Truffles/Mushrooms – One of the more appealing signatures of age in wine, particularly found in red Burgundy.
The widest land
Doom takes to part us, leaves thy hand
With pulses that beat double. What I do
and what I dream include thee, as the
Must taste of its own grapes.
— Sonnets, Elizabeth Barrett Browning
Tutti-frutti – I don’t want to be wine-gummed to death, as Victor Mature nearly said.
Tufa – a buy one get one free offer. As in tufa one.
TV Pundits – Presenters with a highly developed sense of frivitas. Television has never knowingly under-trivialised food and wine. Of; course, it has improved my mind – every time a food programme is on the TV I go out of; the room and read a book (with apologies to Groucho Marx).

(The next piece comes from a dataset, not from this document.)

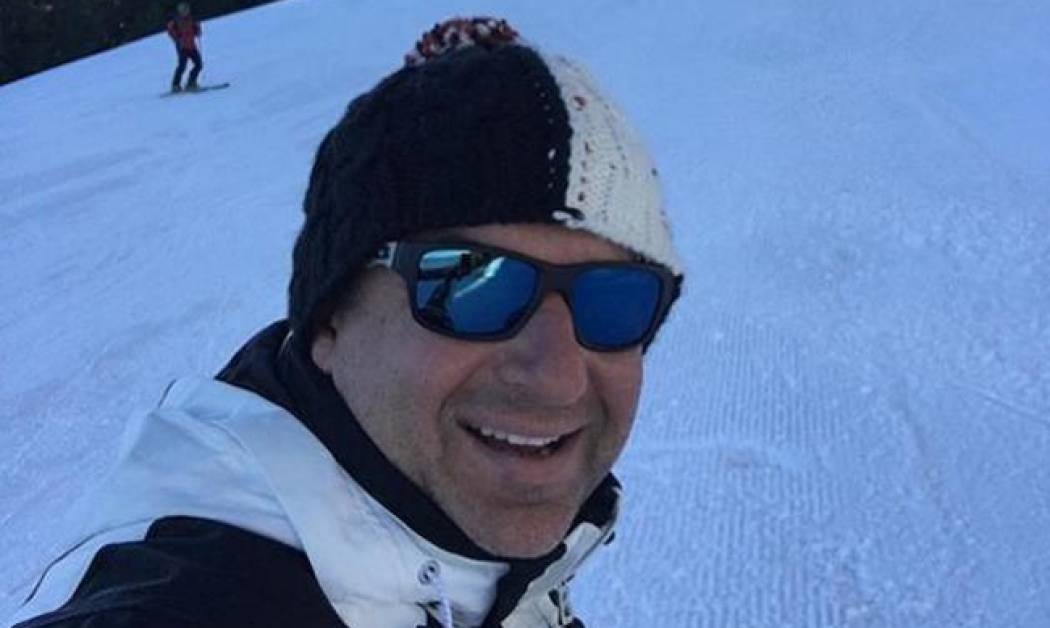 Δείτε τον γιο της Φαίης Σκορδά και του Γιώργου Λιάγκα να κάνει σκι!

Twits? -The restaurant which asked its customers to vote for wines on Twitter has decided on another revolutionary method of selecting some old vintages of fine wine. They are going to hold a séance and ask the spirit of Thomas Jefferson to choose their claret list.
Twitter– All the world’s a social media junkie. One is truly defined by the latest tweet and updated status report. The more incessant the blether the gaudier is life’s tapestry. The wine world is over-fascinated by the social media and the way it can be used to advertise products; in fact, it is safe to say that the medium is the massage.
Txacoli – The obvious Basque-t-case.
Typicity – Wine that tastes of itself, for better or for worse, for richer or for poorer.